Nature has been at the core of all creation. However, it is only in recent years that a larger audience has come around to understand its impact worldwide. Factors such as a globalised economy, growth of technology in leaps and bounds especially in the last decade or so, and the general public having access to resources, could be attributed with this informed awareness. This has greatly benefited in granting them a better understanding of the AEC (Architecture, Engineering, and Construction) industry.

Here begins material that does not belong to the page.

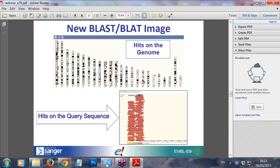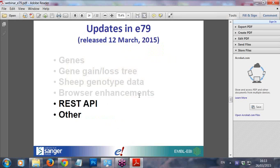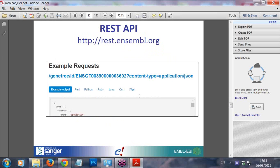Now I want to talk about the REST API and the updates there. The REST API is a quick and easy way to access Ensembl data, and you can use multiple languages like Perl, Python, Ruby, or Java. You don't even need to know a programming language — you can use wget, curl, or just type a modified URL to get something like a gene tree or sequence. Go to rest.ensembl.org where there are user docs showing you how to use it with examples.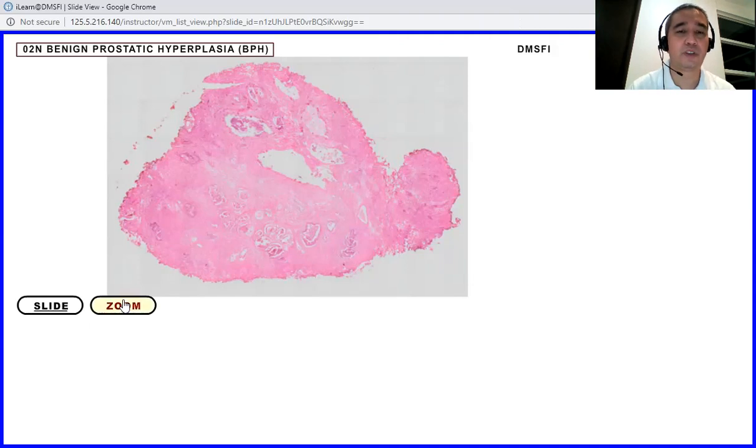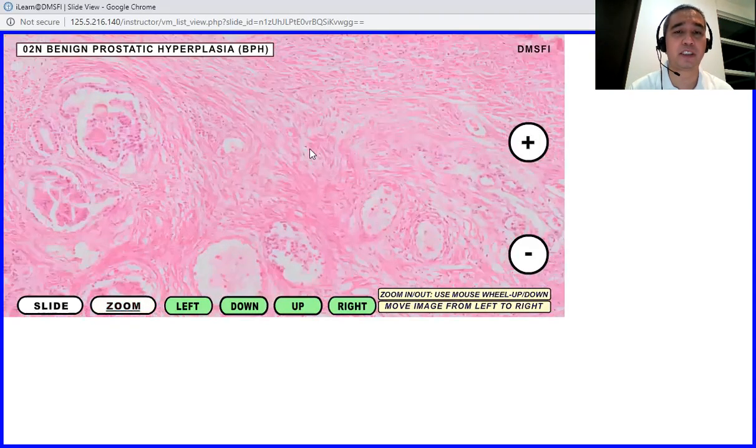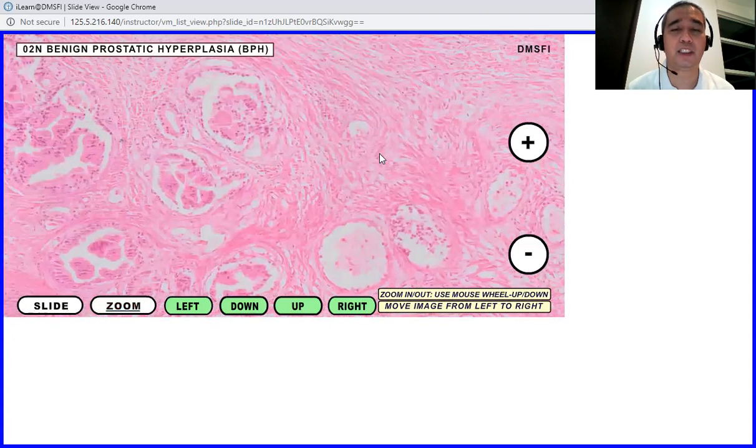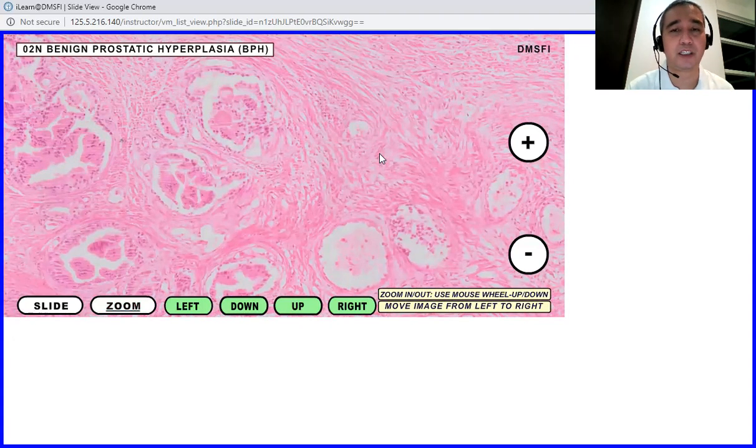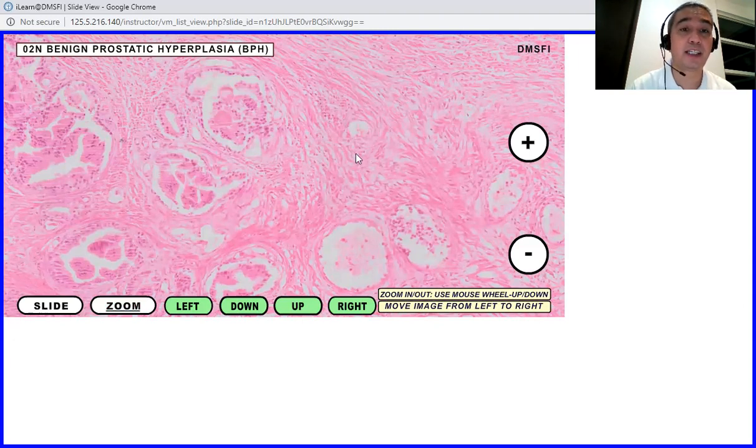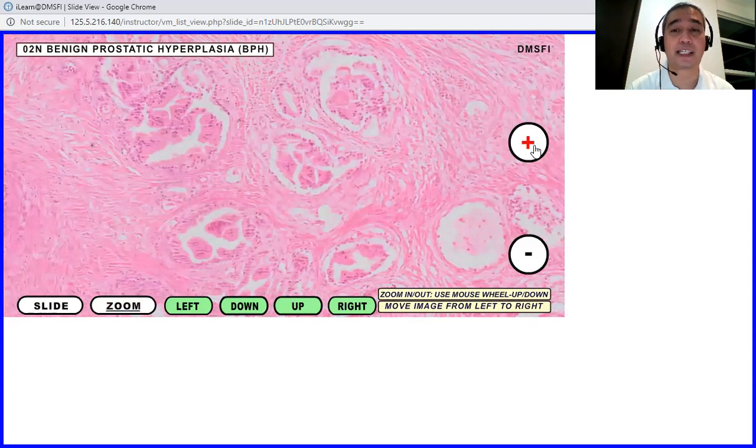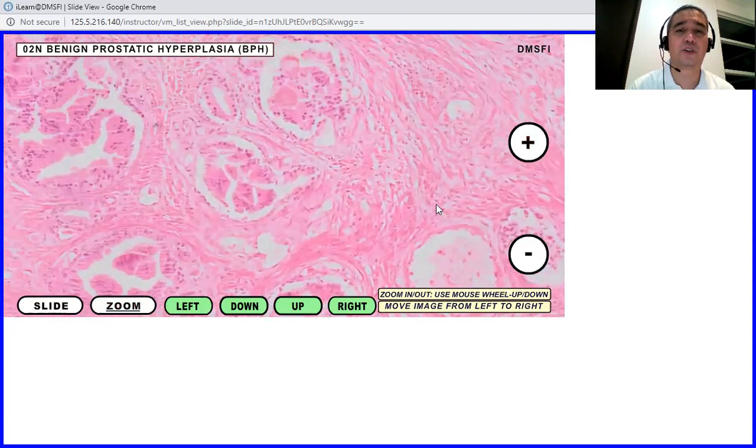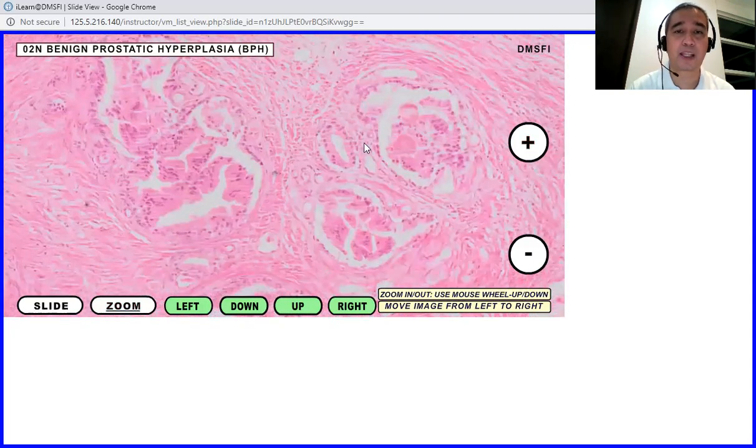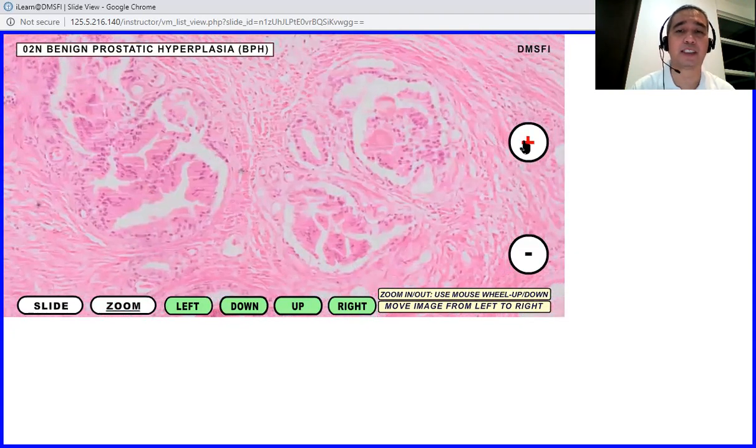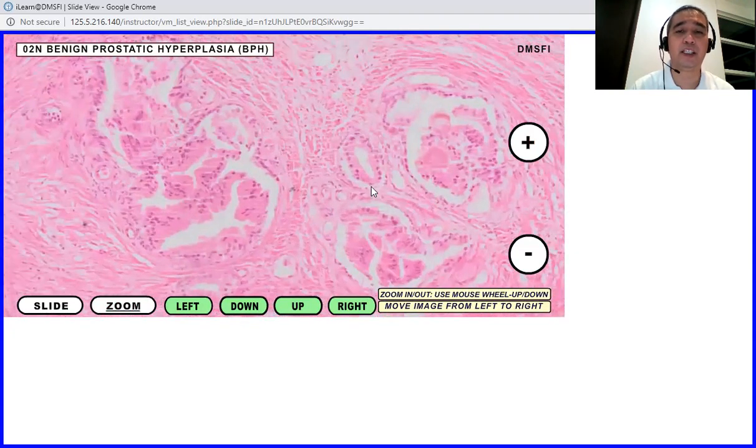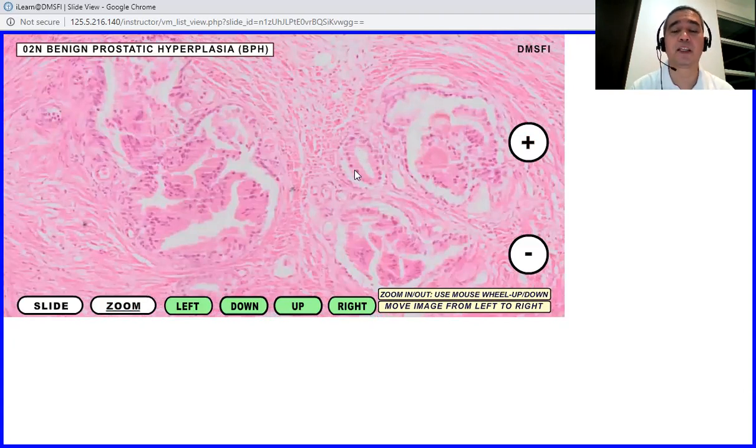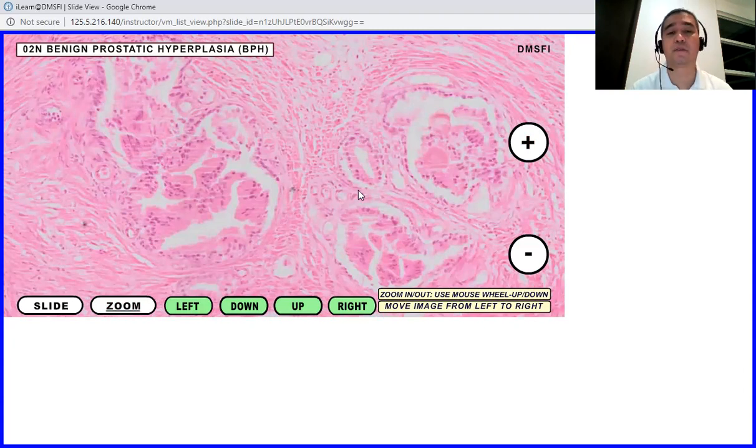So we zoom in on the slide. You remember the different parts of the prostate? Okay, so we have the stroma, which is fibromuscular. And then we have the glands or the acinar structures. So in normal conditions, this would be the appearance of the prostatic acinus, wherein they appear to be tubular and they are lined by single layer of simple columnar cells.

Post the global pandemic outbreak, especially, the grave after-effects of reckless construction and nature’s retaliation against the same have forced building design and construction professionals worldwide to think differently. Additionally, what has also contributed towards this accelerated curiosity is the general public coming to understand its importance and effects in the long run. Trapped in their homes with nowhere to go, many found solace in whatever little access they had to open spaces and greens. Therein came the awareness of emotional well-being; the psychology of spaces has a long-lasting effect on its inhabitants’ behaviour as well as mental health. Owing to this, biophilia and biomimetics – the two terminologies – were catapulted into general public stardom.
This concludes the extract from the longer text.